# Carma and Tulah, IPO Obedience



## GatorDog (Aug 17, 2011)

Carma's obedience today. Hoping to go for her BH in April and finish the rest of her titles by the end of the year.

https://vimeo.com/87410754

And Tulah is just starting 
https://vimeo.com/87414974

Thanks for looking


----------



## nikon22shooter (Dec 5, 2013)

Wow!!! Excellent job. Tulah looks to be coming along fantastic!!!


----------



## KathrynApril (Oct 3, 2013)

Awesome videos!!!

Sent from Petguide.com Free App


----------



## GatorDog (Aug 17, 2011)

Thank you both!


----------



## gsdsar (May 21, 2002)

They look great!!! You and I are on the same path/schedule with our dogs. It's nice to see what another like aged dog is doing and compare with where I am with my boy. Your Carma looks great!!! I have some work to do!!! 


Sent from Petguide.com Free App


----------



## Sealdoc (Feb 16, 2003)

Wow! How old are they?


----------



## GatorDog (Aug 17, 2011)

gsdsar said:


> They look great!!! You and I are on the same path/schedule with our dogs. It's nice to see what another like aged dog is doing and compare with where I am with my boy. Your Carma looks great!!! I have some work to do!!!
> 
> 
> Sent from Petguide.com Free App


Thank you!



Sealdoc said:


> Wow! How old are they?


Carma is a little over a year and Tulah is 16 weeks old.


----------



## Packen (Sep 14, 2008)

Super nice for such a young dog. Key would be to keep her engagement alive for the long run but I am sure you are planning on it.


----------



## GatorDog (Aug 17, 2011)

Packen said:


> Super nice for such a young dog. Key would be to keep her engagement alive for the long run.


Thank you! I'm hoping she stays as easy to work with as she has been. My boyfriend said the same thing, that he hopes she doesn't "shine bright and burn out." She is such a little lunatic though, that I can't imagine it, but only time will tell!


----------



## boomer11 (Jun 9, 2013)

whats behind the reasoning for the exercise of making the pup run between your legs? btw that pup looks like a handful! great rear end awareness for such a young pup.


----------



## Packen (Sep 14, 2008)

boomer11 said:


> whats behind the reasoning for the exercise of making the pup run between your legs? btw that pup looks like a handful! great rear end awareness for such a young pup.

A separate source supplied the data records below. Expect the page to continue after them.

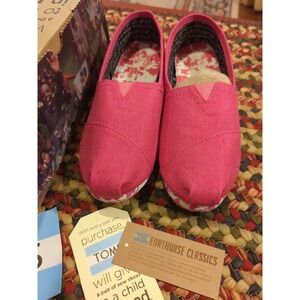 Brand New Authentic TOMS Earth wise Classics Pink Recyclable Shoes Youth 4.5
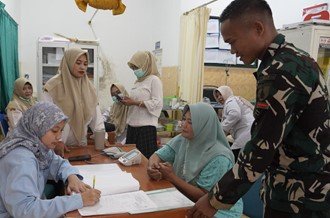 Kolaborasi TNI dan Tenaga Kesehatan: TMMD 129 Bojonegoro Menyediakan Layanan Keluarga Berencana Gratis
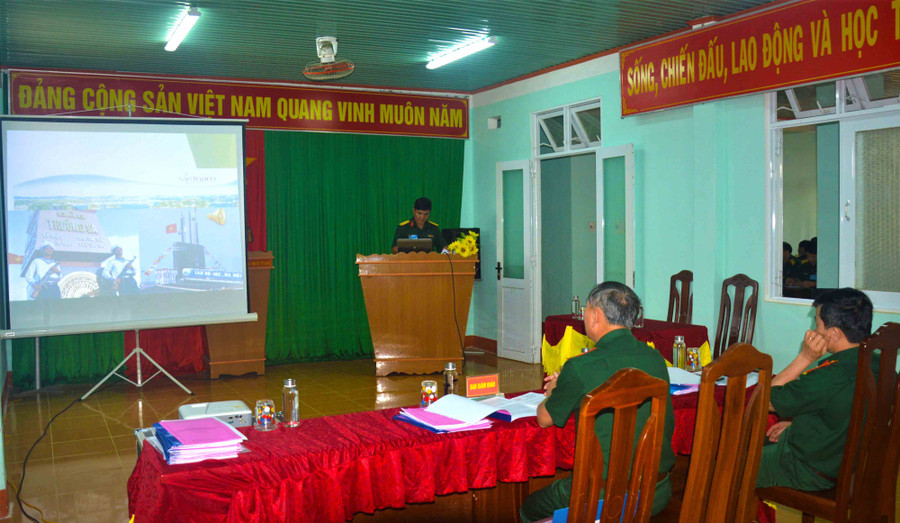  Thí sinh trình bày phần Thi Thực hành thuyết trình. Ảnh: Huy Bắc.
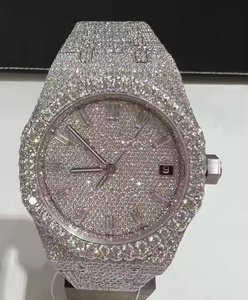 Montre de luxe pour homme avec diamants Moissanite, élégante montre à quartz en acier inoxydable pour un usage quotidien et formel - Product Image 1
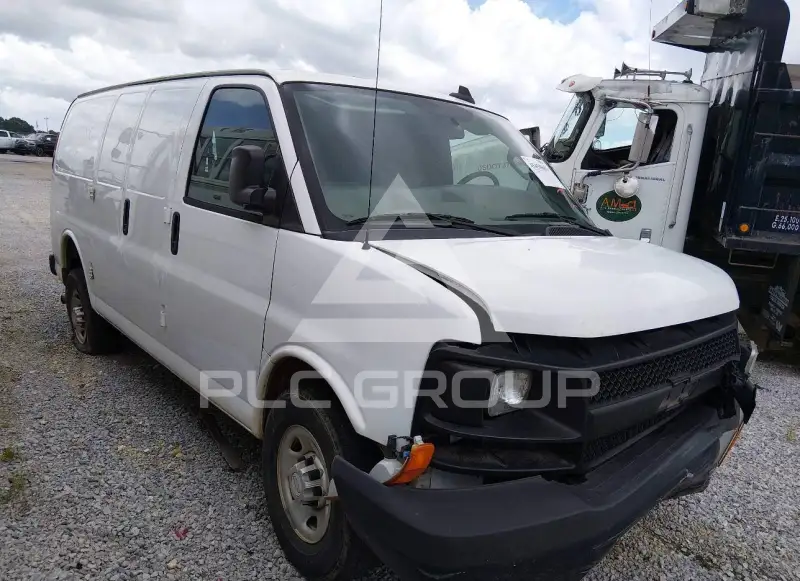 2016 Chevrolet Express фото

It's the fun part for the dog and builds drive and correct positioning through play which is FUN for the dog. This young dog is is offering so much in OB routines, the play part needs to be 70% more for it to last.


----------



## mycobraracr (Dec 4, 2011)

boomer11 said:


> whats behind the reasoning for the exercise of making the pup run between your legs? btw that pup looks like a handful! great rear end awareness for such a young pup.


 
Having the puppy run between your legs like in the Tulah video can help with both speed and closeness for a recall. 



Very nice work!


----------



## boomer11 (Jun 9, 2013)

that makes sense. i love it when people post videos (good or bad; novice or expert). its good to have something to compare your own dog to. wish more people did it.


----------



## G-burg (Nov 10, 2002)

Nice work Alexis!


----------



## GatorDog (Aug 17, 2011)

Packen said:


> It's the fun part for the dog and builds drive and correct positioning through play which is FUN for the dog. This young dog is is offering so much in OB routines, the play part needs to be 70% more for it to last.










mycobraracr said:


> Having the puppy run between your legs like in the Tulah video can help with both speed and closeness for a recall.
> 
> 
> 
> Very nice work!



What they said! ^^^

Thanks 






boomer11 said:


> that makes sense. i love it when people post videos (good or bad; novice or expert). its good to have something to compare your own dog to. wish more people did it.




I love having videos of my own training because every time I watch them, I find something new to work on. Always learning, always changing, always adapting.




G-burg said:


> Nice work Alexis!


Thank you 

Sent from Petguide.com Free App


----------



## middleofnowhere (Dec 20, 2000)

They look really good. Looks like you and the dogs are enjoying this and that's important.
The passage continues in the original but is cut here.